La créativité au grand âge. Le dispositif "Prime Time" au MoMA, Francesca Rosenberg et Laurel Humble

, par Caroline Archat

Au moment où la population mondiale vieillit à un rythme accéléré, le Musée d’art moderne (MoMA) de New York s’engage dans un programme d’accompagnement du grand âge (les 65 ans et plus) en développant des dispositifs in situ ou hors les murs, destinés à encourager la curiosité, à développer l’épanouissement et la créativité des personnes tout en maintenant le lien social qui se fragilise à cette période de la vie [1].

 

Le MoMA : un musée engagé très tôt dans l’accueil des personnes atteintes de la maladie d’Alzheimer

Le MoMA a une longue tradition de service auprès des New-Yorkais âgés [2]. Dès 2003 des programmes destinés aux patients souffrant de la maladie d’Alzheimer ont été mis en place. En 2006, Meet Me at MoMA (« Rejoins-moi au MoMA »), un programme de conversation dans les collections a été lancé, destiné à des personnes qui sont aux stades précoces ou médians de la maladie d’Alzheimer, ainsi qu’à leurs aidants familiaux ou professionnels. L’évaluation de ce programme montre que ces rencontres avec l’art apportent, tant pour les malades que pour les aidants, des stimulations mentales, des opportunités de communiquer et finalement une forme d’épanouissement personnel et social qui améliore la qualité de vie des deux groupes.

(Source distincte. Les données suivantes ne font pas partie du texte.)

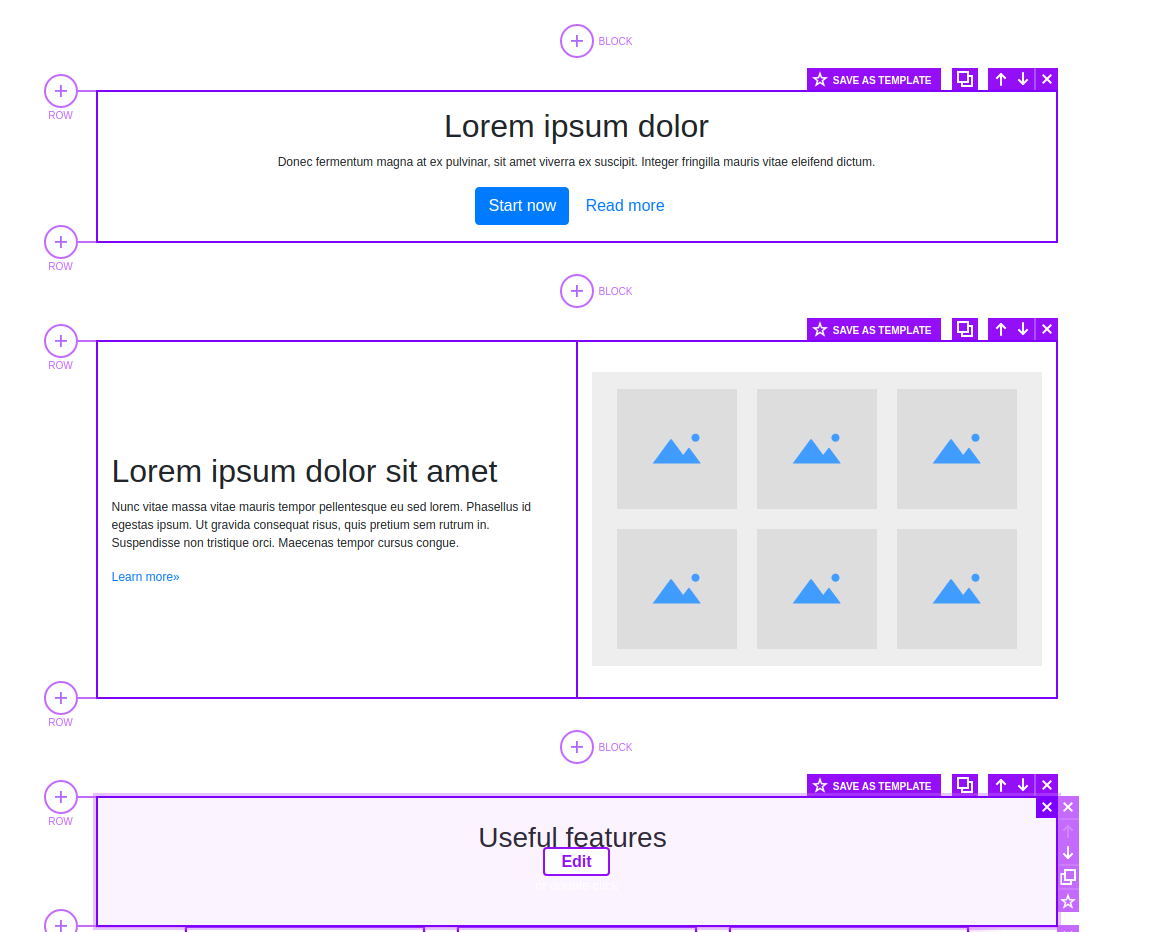 Create content in Bootstrap Editor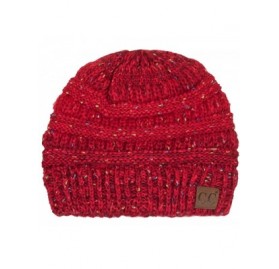 Skullies & Beanies Women's Trendy Four Tone Multi Color Ribbed Cable Knit Beanie - Red - CJ12K7GTEZF $14.28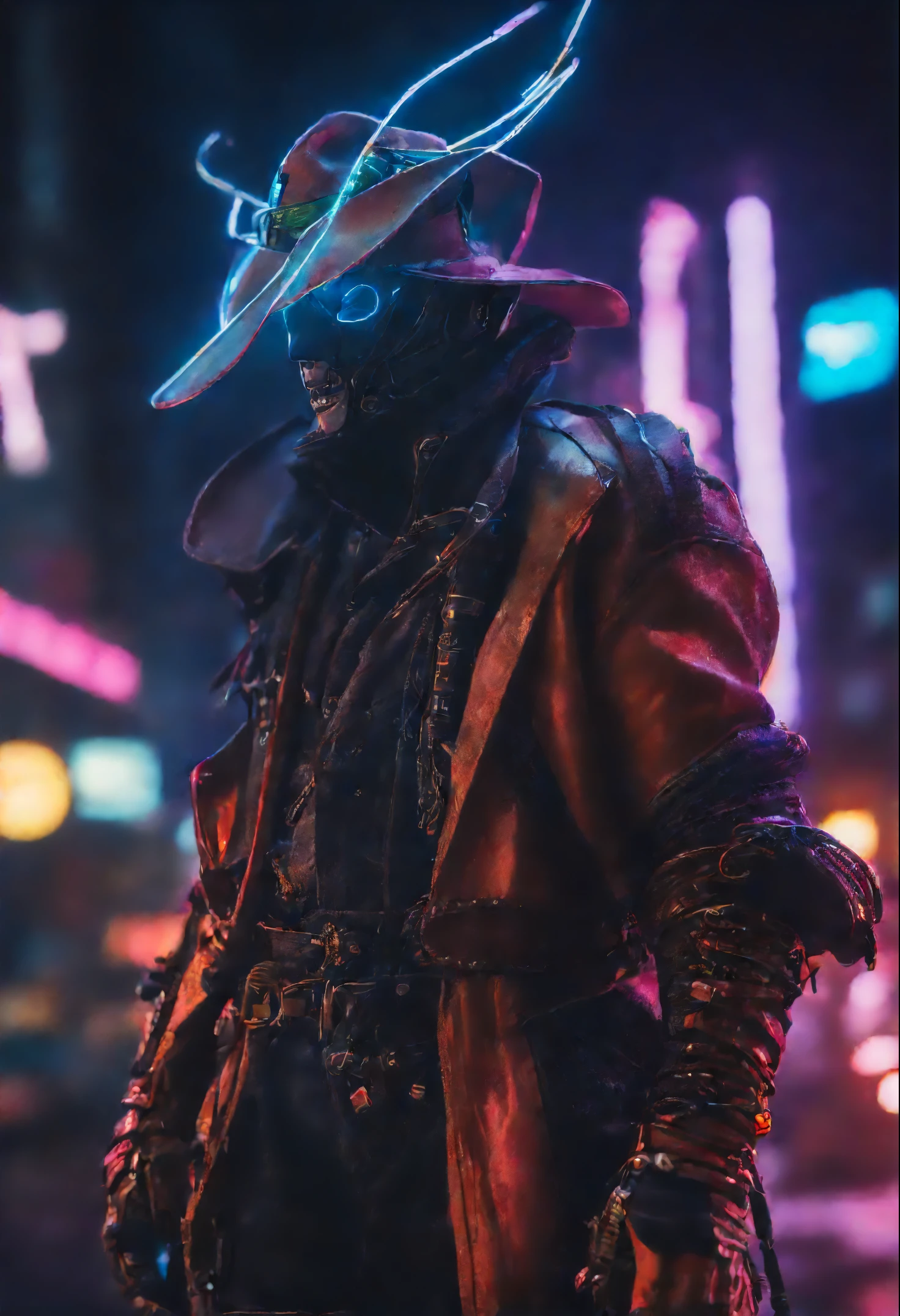 (Best quality,4K,8k,high resolucion,Masterpiece:1.2),Ultra-detailed,(Realstic,photoRealstic,photo-Realstic:1.37),Perssonage cyberpunk，Cowboys，tête de squelette，metallic texture，cowboy a，Fond clair neon，Un futuriste，Vibrant colors，Electrical sparks，mise au point nette，paysage urbain dystopique，Amélioration du réseau，Des yeux clairs brillants，veste en cuir，Arme de haute technologie，Wires & Cables，retro-future，night scene，Réalité mixed。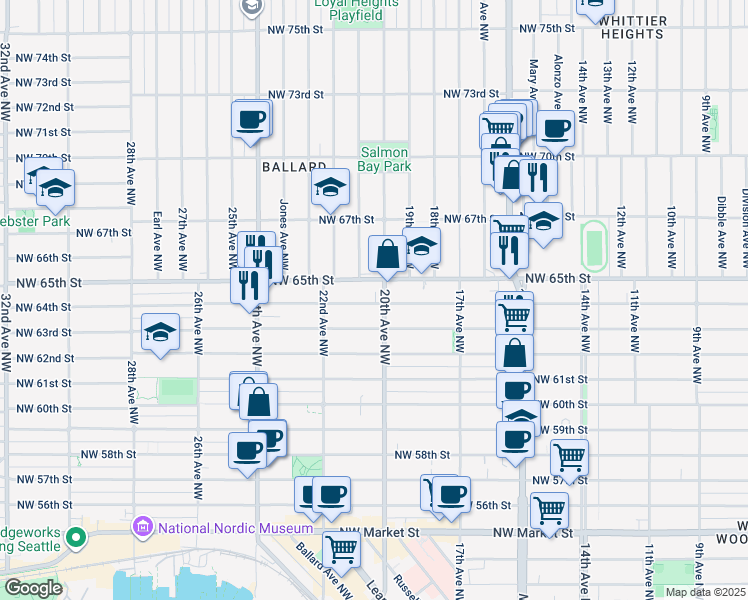 map of restaurants, bars, coffee shops, grocery stores, and more near in Seattle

Le MoMA Alzheimer’s Project est un programme du même type, diffusé auprès de l’ensemble des musées américains et au-delà. Entre 2007 et 2014, les équipes du MoMA ont, en effet, organisé plus de 150 séminaires dans vingt-cinq États américains et dans dix-sept pays, touchant 380 musées et environ 13.000 personnes. En 2018, on peut évaluer à 125 les musées dans le monde qui ont mis en place des programmes à destination des malades d’Alzheimer [3], et ce nombre continue à grandir. Cette diffusion à très large échelle a conduit le MoMA à s’impliquer dans un champ de réflexion sur les rapports entre âge et créativité qui ne soit plus confiné au seul cas des personnes souffrant de déficit cognitif. Une nouvelle étape a consisté à orienter l’expertise croissante de ses équipes vers des projets à spectre plus large pour toucher l’ensemble des personnes âgées de la ville de New York.

 

Prime time : une expérimentation pour aller plus loin

Cette ambition nécessitait une plus grande connaissance du public âgé : aptitudes et handicaps, désirs et obstacles participer à la vie culturelle, etc. Pour cela, le MoMA a travaillé sur trois axes. Le premier consistait à se familiariser avec la littérature scientifique sur le vieillissement des personnes à New York et aux États-Unis. Ensuite, il est apparu utile de rencontrer des professionnels en gériatrie travaillant dans des services dédiés aux personnes âgées et/ou dans les organisations culturelles qui les accompagnent, sur le plan local, national et international. Enfin, une expérimentation a été lancée auprès d’un petit groupe de citoyens new-yorkais âgés. Il s’agit du collectif Prime Time [4], terme emprunté aux medias, mais qui signifie dans ce contexte : « temps d’écoute » ou « attention particulière ».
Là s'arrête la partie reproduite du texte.